Starting at the line that contains "Hotrod (charging)", print each line exactly through the end of the listing. Skip any pictures and add nothing.

*Source information*
···

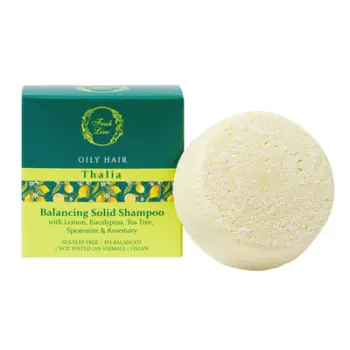 Thalia Shampon Solid Ribalancues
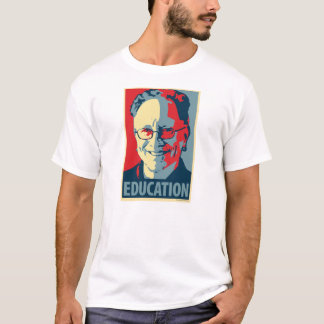 Bill Ayers - Bildung: OHP T - Shirt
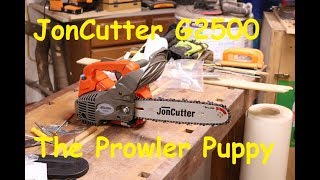 UnBoxing the Farmertec JonCutter G2500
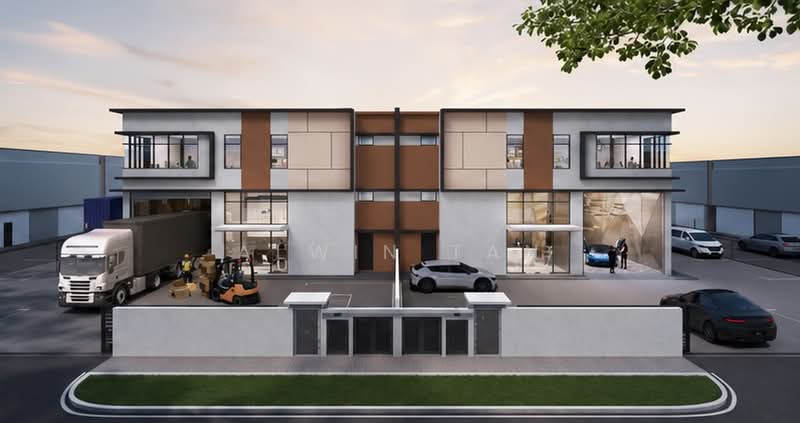 Semi-D Factory for Sale in Bandar Baru Salak Tinggi (Sepang) - Alwin Tan - PropertyGuru.com.my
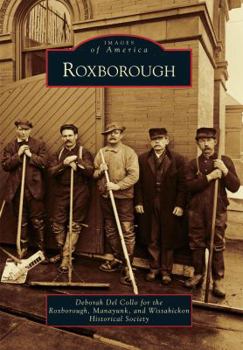 Roxborough - Book  of the Images of America: Pennsylvania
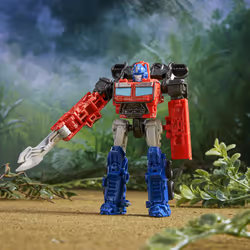 Transformers Optimus Prime - Vue supplémentaire 9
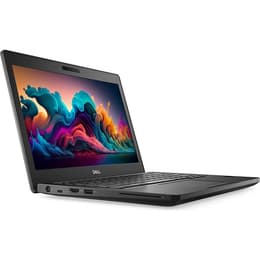 Dell Latitude 5290 12-inch (2018) - Core i5 - Gen 8 (U) - 8GB - SSD 256 GB QWERTZ - Alemão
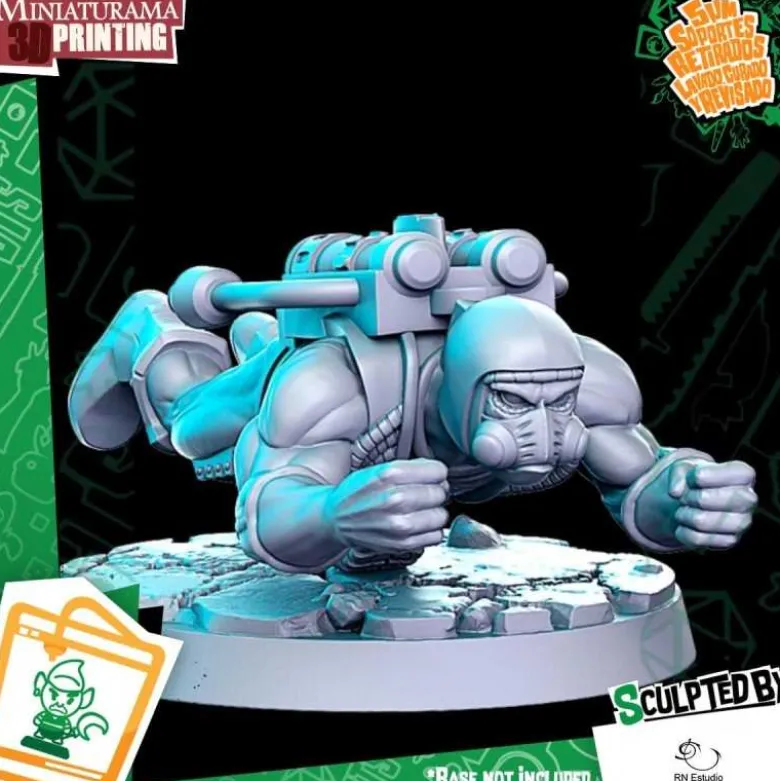 Hotrod (charging)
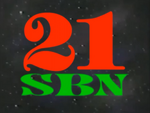 Same as the January 29, 1996-February 2, 1997 turn on on-screen bug SBN 21 logo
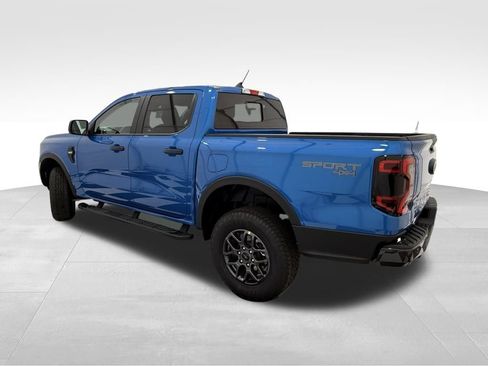 New 2025 Ford Ranger XLT w/ Equipment Group 301A High image 2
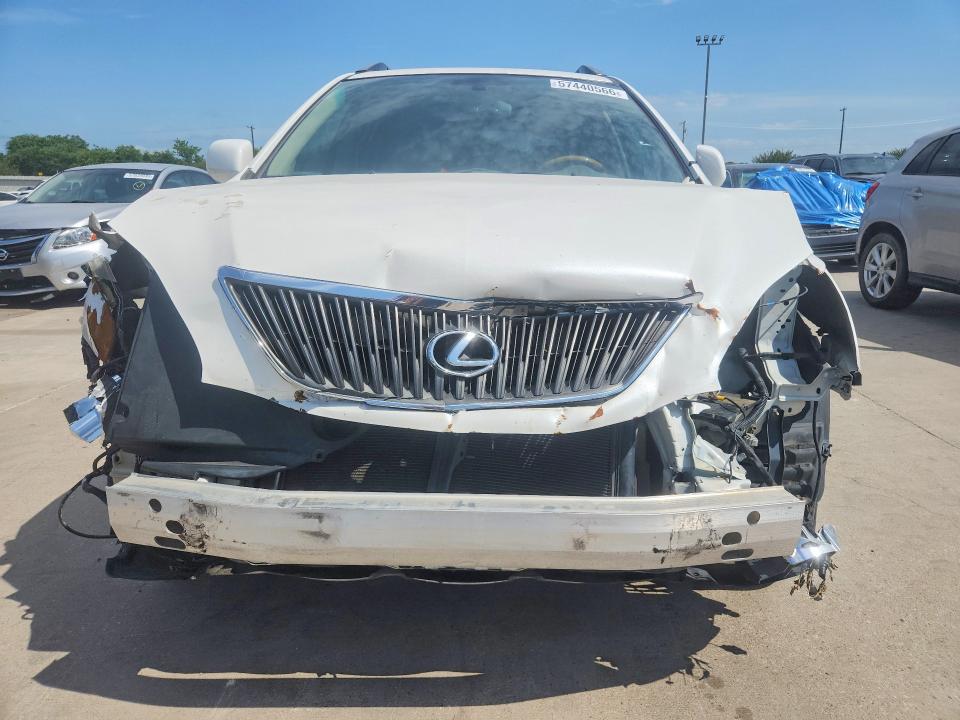 Aukcja sprzedaży 2007 Lexus Rx, vin: 2T2GK31U67C014184, numer aukcji: 57440566
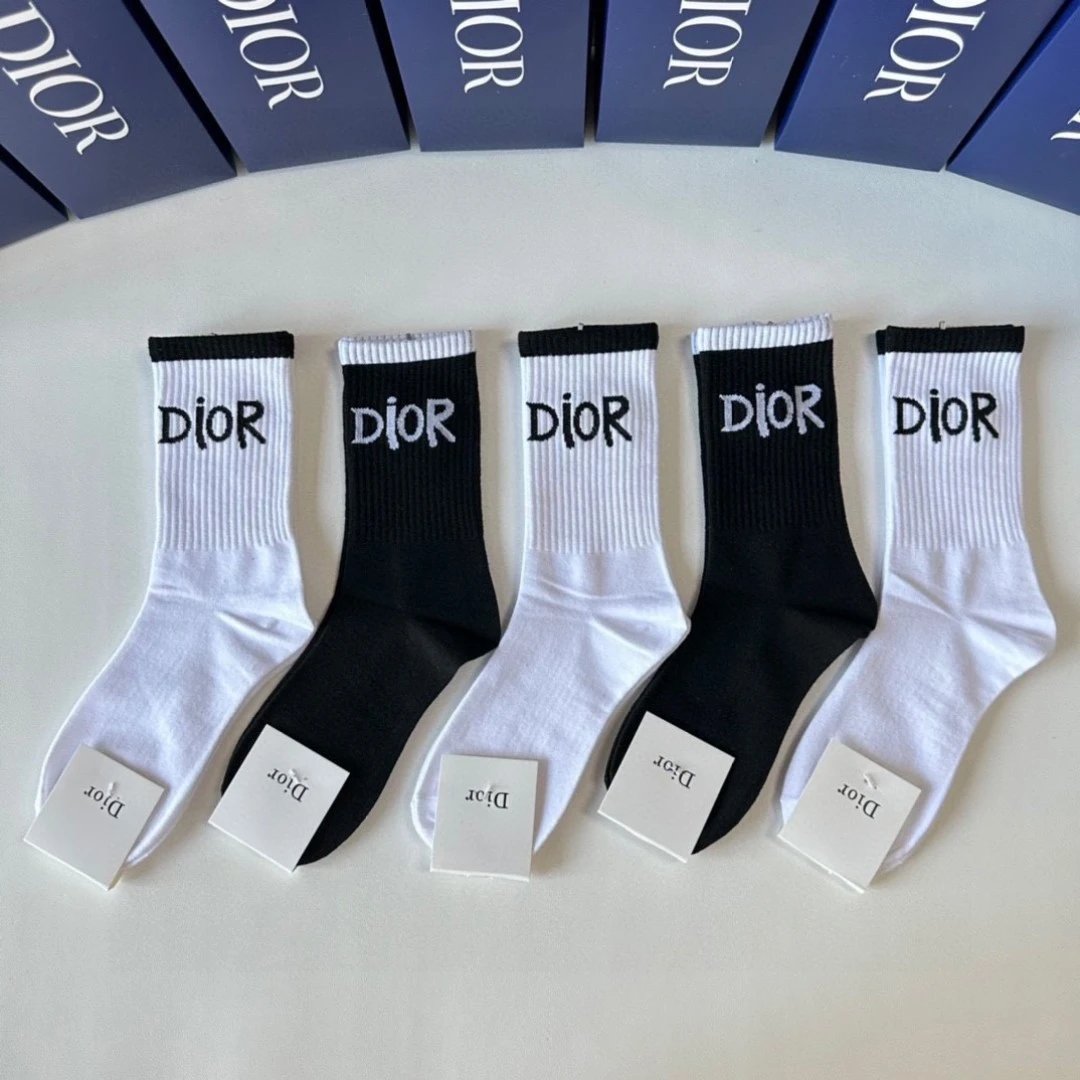 miu miu Dior...Socks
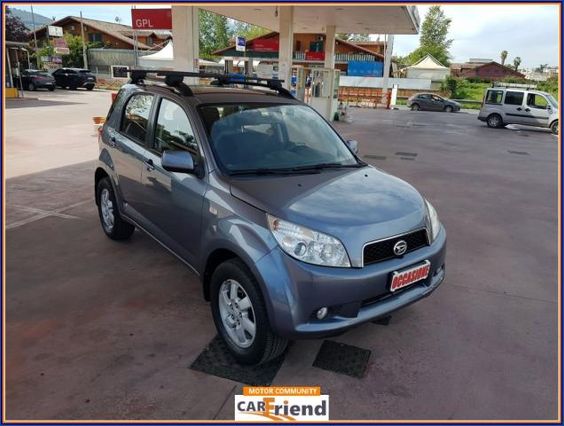 DAIHATSU - Terios 1.3 SX greenpowered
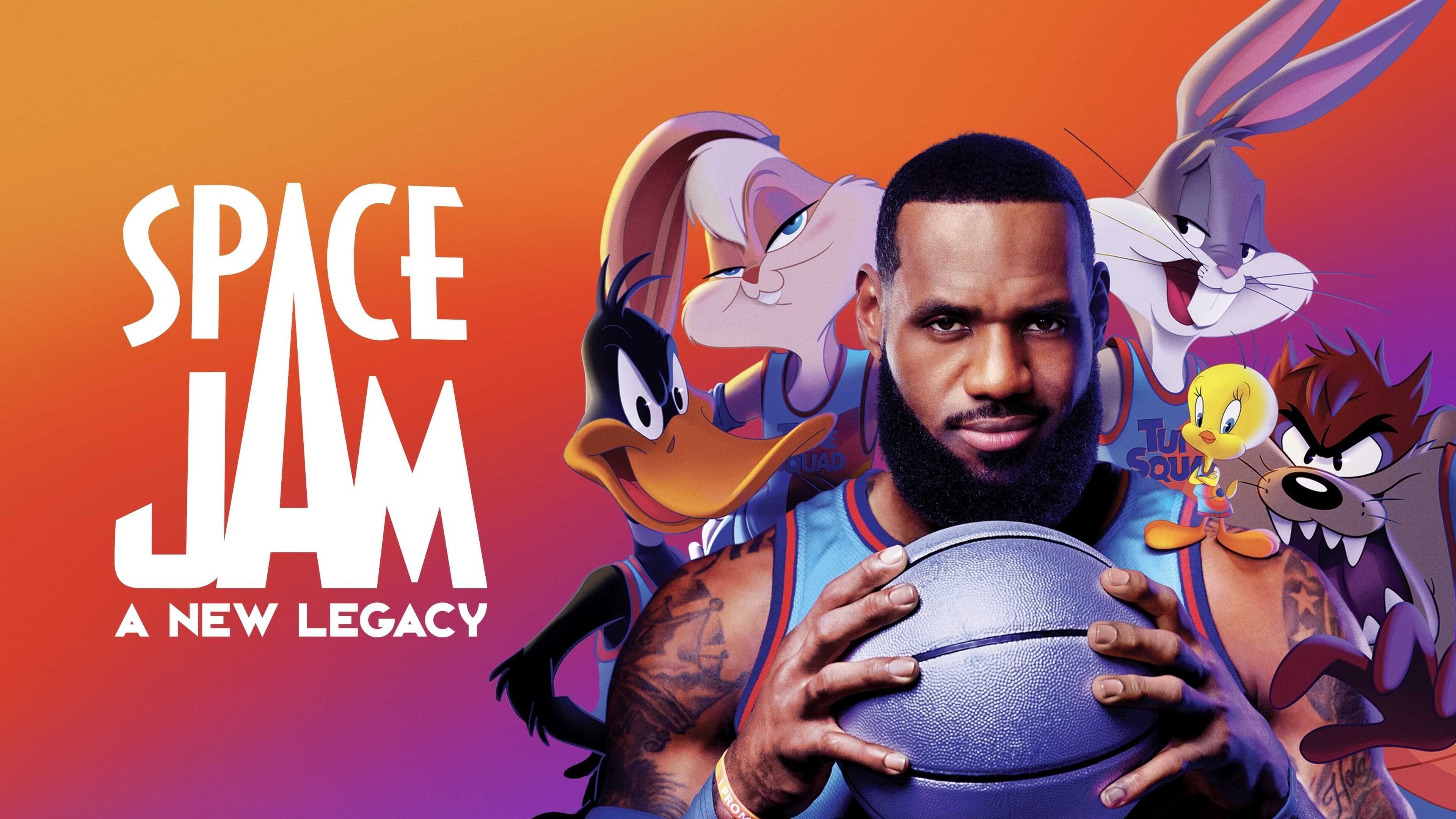 Space Jam: A New Legacy 3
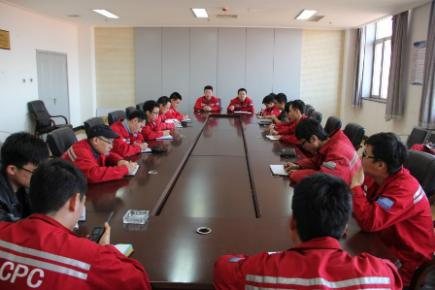 唐山港務(wù)：TPM、現(xiàn)場管理、流程梳理、ISO審核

···

*Response for this exercise*
 Hotrod (charging)
 Same as the January 29, 1996-February 2, 1997 turn on on-screen bug SBN 21 logo
 New 2025 Ford Ranger XLT w/ Equipment Group 301A High image 2
 Aukcja sprzedaży 2007 Lexus Rx, vin: 2T2GK31U67C014184, numer aukcji: 57440566
 miu miu Dior...Socks
 DAIHATSU - Terios 1.3 SX greenpowered
 Space Jam: A New Legacy 3
 唐山港務(wù)：TPM、現(xiàn)場管理、流程梳理、ISO審核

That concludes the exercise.